Oggi si può dire di Hamudà che è diventato bello, lo abbiamo visto seduto, lo abbiamo visto in piedi, speriamo un giorno di vederlo camminare seppure con mezzi d’ausilio.

In tutto questo è stata prevalente l’opera della fisioterapista, Sig.ra Foggetti, che molte volte, ha anche tollerato la presenza numerosa e invadente dei volontari, durante la ginnastica riabilitativa, i quali volevano seguire “minuto per minuto” i progressi di Hamudà.

Ma tutto questo è cronaca, raccontarvi quanto beneficio può aver dato ai volontari Hamudà è per me cosa ardua.
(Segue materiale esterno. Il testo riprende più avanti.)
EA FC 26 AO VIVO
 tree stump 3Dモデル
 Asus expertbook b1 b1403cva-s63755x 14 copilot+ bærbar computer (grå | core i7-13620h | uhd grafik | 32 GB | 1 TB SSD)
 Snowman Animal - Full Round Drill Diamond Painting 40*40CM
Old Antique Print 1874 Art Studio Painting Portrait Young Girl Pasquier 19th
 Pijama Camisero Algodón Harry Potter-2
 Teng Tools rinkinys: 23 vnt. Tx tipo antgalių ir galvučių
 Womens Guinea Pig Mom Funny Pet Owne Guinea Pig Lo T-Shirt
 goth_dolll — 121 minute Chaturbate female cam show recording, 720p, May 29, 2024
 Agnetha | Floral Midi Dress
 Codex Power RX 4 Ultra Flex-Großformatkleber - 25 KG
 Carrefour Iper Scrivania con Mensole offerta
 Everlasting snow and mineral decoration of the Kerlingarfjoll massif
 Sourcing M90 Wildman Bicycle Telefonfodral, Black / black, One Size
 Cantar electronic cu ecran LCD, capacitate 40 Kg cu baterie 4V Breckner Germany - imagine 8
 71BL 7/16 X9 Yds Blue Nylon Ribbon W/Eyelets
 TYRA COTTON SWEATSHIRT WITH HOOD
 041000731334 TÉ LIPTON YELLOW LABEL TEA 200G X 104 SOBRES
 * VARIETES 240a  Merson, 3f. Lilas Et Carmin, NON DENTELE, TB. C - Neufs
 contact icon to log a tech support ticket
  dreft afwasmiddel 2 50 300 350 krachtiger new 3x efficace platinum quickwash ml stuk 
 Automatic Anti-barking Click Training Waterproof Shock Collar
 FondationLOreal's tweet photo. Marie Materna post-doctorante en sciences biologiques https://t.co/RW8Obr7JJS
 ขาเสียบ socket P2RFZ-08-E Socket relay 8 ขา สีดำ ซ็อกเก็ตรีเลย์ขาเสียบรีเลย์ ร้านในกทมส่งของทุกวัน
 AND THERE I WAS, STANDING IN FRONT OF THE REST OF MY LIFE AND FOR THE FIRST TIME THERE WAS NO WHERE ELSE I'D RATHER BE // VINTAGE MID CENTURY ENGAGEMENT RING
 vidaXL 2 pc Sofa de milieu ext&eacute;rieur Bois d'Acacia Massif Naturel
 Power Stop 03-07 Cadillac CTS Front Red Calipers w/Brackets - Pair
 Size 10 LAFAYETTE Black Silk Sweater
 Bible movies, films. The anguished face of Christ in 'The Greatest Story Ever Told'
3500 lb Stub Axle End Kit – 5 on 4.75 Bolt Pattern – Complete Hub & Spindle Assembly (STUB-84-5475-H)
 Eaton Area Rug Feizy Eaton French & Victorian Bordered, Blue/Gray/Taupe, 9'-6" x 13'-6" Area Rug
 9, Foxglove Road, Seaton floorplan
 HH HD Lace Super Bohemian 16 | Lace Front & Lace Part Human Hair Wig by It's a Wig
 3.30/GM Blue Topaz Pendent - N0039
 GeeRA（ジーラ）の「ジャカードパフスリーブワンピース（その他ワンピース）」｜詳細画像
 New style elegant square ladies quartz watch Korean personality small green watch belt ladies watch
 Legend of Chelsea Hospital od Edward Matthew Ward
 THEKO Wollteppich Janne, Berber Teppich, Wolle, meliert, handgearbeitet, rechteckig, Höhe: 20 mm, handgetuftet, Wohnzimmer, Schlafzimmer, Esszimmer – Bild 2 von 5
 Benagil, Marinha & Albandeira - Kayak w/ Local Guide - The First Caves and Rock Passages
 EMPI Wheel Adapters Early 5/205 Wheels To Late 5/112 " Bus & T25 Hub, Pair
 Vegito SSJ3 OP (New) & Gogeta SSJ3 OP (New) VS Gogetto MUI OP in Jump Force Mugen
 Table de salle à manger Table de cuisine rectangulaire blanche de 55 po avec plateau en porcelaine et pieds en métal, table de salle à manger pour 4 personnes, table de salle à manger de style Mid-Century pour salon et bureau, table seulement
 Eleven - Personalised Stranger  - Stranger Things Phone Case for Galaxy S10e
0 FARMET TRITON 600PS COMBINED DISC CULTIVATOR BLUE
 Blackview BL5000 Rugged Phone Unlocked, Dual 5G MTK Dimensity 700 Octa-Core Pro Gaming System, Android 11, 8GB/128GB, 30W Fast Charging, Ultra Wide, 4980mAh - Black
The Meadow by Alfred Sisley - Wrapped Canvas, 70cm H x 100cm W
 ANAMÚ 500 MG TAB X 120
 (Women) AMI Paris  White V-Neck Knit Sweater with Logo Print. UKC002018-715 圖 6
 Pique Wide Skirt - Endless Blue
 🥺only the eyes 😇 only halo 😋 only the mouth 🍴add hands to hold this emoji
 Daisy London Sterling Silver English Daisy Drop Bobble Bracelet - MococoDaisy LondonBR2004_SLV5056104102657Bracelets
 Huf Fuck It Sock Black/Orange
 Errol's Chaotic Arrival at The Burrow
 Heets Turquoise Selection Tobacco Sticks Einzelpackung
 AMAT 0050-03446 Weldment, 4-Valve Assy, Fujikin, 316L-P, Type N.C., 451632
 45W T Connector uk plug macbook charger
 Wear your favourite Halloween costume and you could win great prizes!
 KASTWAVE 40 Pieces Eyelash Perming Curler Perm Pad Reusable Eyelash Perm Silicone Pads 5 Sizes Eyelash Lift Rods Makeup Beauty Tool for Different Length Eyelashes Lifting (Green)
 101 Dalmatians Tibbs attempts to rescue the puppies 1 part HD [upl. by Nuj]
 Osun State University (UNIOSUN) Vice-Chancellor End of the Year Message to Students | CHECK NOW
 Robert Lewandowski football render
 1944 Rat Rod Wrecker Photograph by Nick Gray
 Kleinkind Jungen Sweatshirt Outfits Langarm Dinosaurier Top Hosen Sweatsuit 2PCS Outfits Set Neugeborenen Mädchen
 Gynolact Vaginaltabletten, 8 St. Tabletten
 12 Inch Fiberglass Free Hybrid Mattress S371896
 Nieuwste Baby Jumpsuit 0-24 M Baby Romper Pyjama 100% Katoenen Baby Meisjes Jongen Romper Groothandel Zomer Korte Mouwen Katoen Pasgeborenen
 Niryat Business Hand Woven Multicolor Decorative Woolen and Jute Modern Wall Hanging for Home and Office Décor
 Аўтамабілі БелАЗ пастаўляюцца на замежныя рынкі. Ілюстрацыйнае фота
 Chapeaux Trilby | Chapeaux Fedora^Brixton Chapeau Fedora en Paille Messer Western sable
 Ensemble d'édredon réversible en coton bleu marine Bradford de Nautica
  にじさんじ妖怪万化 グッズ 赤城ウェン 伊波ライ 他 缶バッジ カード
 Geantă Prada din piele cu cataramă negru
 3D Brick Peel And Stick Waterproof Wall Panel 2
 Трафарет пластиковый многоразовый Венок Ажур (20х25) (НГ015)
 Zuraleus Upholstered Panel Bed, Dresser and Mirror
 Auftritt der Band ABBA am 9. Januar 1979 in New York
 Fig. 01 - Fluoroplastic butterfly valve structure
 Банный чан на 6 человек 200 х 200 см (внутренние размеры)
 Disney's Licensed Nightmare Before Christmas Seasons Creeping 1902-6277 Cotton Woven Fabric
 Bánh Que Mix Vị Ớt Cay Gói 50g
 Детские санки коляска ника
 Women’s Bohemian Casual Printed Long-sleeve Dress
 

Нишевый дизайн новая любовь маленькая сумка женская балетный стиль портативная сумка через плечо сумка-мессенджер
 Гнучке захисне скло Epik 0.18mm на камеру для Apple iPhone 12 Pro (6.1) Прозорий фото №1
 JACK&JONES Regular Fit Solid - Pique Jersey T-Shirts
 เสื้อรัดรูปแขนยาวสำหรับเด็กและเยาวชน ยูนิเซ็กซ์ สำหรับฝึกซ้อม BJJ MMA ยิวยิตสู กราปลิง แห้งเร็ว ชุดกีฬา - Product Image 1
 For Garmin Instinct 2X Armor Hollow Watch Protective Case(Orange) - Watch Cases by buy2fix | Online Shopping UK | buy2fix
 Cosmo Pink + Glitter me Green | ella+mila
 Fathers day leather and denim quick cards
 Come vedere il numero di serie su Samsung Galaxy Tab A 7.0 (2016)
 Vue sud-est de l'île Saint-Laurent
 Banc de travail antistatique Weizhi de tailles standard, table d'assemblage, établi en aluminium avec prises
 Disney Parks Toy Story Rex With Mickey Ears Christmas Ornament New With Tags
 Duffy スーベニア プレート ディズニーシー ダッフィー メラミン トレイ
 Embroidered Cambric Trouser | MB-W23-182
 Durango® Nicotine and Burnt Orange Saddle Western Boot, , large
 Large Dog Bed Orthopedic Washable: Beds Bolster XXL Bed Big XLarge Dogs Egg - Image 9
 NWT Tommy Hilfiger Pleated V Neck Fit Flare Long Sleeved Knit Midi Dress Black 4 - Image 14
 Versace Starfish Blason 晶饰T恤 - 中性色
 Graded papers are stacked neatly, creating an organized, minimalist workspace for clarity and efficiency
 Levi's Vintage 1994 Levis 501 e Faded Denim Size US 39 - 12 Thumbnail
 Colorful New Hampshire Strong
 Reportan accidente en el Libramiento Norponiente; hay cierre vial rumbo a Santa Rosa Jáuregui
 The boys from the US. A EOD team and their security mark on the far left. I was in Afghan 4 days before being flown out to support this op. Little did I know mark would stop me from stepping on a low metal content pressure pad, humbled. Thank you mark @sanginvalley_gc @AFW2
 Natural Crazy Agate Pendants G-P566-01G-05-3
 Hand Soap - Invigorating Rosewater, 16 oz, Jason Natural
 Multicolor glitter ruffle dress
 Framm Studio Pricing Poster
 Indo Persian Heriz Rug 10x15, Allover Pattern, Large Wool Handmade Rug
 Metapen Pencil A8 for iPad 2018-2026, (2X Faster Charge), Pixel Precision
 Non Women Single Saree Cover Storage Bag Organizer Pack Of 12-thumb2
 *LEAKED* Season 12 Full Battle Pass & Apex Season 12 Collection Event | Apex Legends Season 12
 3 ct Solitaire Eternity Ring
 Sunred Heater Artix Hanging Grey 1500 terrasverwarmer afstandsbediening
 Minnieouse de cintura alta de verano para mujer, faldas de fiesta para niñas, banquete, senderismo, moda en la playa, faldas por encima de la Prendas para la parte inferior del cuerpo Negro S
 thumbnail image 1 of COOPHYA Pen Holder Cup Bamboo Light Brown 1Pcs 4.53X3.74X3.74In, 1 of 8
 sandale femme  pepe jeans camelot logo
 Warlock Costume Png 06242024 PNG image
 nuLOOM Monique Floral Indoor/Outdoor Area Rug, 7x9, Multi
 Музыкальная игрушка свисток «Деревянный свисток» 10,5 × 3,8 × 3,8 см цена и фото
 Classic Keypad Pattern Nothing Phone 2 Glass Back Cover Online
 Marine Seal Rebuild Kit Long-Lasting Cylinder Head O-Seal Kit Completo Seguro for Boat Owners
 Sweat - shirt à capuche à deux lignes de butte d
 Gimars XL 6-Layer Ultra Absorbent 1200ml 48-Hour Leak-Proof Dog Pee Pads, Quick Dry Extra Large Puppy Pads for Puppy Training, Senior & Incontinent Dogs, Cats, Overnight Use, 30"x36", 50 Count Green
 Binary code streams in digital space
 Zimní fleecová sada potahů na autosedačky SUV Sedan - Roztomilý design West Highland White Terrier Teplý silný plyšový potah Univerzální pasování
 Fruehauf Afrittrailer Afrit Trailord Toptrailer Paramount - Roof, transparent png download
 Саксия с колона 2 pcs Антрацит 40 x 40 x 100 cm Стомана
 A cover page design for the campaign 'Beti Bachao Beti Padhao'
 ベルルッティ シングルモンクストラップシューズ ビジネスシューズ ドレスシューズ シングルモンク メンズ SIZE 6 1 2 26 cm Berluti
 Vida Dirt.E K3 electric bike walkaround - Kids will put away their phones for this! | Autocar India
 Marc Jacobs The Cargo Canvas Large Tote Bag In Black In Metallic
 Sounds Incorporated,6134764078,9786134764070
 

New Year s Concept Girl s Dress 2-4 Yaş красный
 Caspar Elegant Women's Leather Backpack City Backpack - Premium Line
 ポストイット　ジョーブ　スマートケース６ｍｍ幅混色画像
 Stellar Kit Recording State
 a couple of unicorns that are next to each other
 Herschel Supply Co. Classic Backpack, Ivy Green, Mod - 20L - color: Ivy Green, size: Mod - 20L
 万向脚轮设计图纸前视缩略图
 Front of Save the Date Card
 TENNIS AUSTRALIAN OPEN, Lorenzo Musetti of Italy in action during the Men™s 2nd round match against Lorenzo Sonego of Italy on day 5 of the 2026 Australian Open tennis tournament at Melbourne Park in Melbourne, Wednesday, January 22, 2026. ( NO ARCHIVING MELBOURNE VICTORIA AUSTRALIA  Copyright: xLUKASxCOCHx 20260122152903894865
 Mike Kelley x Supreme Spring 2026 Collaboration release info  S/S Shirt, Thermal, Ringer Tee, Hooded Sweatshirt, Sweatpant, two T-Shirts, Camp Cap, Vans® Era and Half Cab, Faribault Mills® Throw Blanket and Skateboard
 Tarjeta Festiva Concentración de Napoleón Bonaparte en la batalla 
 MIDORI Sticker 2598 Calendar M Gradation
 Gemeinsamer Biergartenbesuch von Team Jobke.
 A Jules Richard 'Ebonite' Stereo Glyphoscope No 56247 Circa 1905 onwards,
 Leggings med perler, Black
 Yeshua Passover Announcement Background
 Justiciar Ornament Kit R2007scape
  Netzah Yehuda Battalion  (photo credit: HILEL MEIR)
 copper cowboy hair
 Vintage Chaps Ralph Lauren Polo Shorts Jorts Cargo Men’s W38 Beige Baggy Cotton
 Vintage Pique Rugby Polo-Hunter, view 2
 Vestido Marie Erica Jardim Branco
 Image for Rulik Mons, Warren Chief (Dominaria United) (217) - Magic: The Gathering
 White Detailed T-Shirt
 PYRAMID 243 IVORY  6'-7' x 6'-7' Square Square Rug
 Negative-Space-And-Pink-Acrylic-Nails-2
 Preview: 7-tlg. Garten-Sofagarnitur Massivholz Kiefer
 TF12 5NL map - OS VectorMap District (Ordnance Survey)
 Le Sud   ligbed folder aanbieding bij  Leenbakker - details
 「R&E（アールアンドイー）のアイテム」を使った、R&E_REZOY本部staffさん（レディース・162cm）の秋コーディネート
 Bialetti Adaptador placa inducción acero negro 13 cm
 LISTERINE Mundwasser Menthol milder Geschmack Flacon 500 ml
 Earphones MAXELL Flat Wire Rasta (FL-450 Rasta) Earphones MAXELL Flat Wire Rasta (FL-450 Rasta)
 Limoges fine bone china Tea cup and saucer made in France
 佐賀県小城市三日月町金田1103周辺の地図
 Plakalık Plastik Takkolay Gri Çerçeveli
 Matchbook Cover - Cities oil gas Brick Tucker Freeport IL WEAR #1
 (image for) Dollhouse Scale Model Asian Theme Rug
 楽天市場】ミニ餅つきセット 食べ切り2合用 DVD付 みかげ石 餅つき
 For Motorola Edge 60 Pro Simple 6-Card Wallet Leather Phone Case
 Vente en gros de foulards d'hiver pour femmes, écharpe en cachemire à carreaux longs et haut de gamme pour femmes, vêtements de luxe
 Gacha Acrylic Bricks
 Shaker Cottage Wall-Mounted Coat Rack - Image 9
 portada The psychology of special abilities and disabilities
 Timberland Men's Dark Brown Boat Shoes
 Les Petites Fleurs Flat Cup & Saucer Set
Posso affermare che i benefici sono stati qualitativamente eccelsi e quantitativamente tanti, in conseguenza di ciò che possiamo, con certezza, investire molto di più nel proseguo della nostra funzione.

Oggi non sappiamo dove il destino ha condotto Hamudà.

Non viene più alle sedute fisioterapiche, i più “ostinati” sono andati anche a cercarlo a Bitonto, dove abitava: Hamudà non c’è. Sarà partito? Sarà rimasto in Italia? Chissà!?

Comunque auguri, Hamudà e tante, tante volte grazie per quanto hai dato a noi volontari.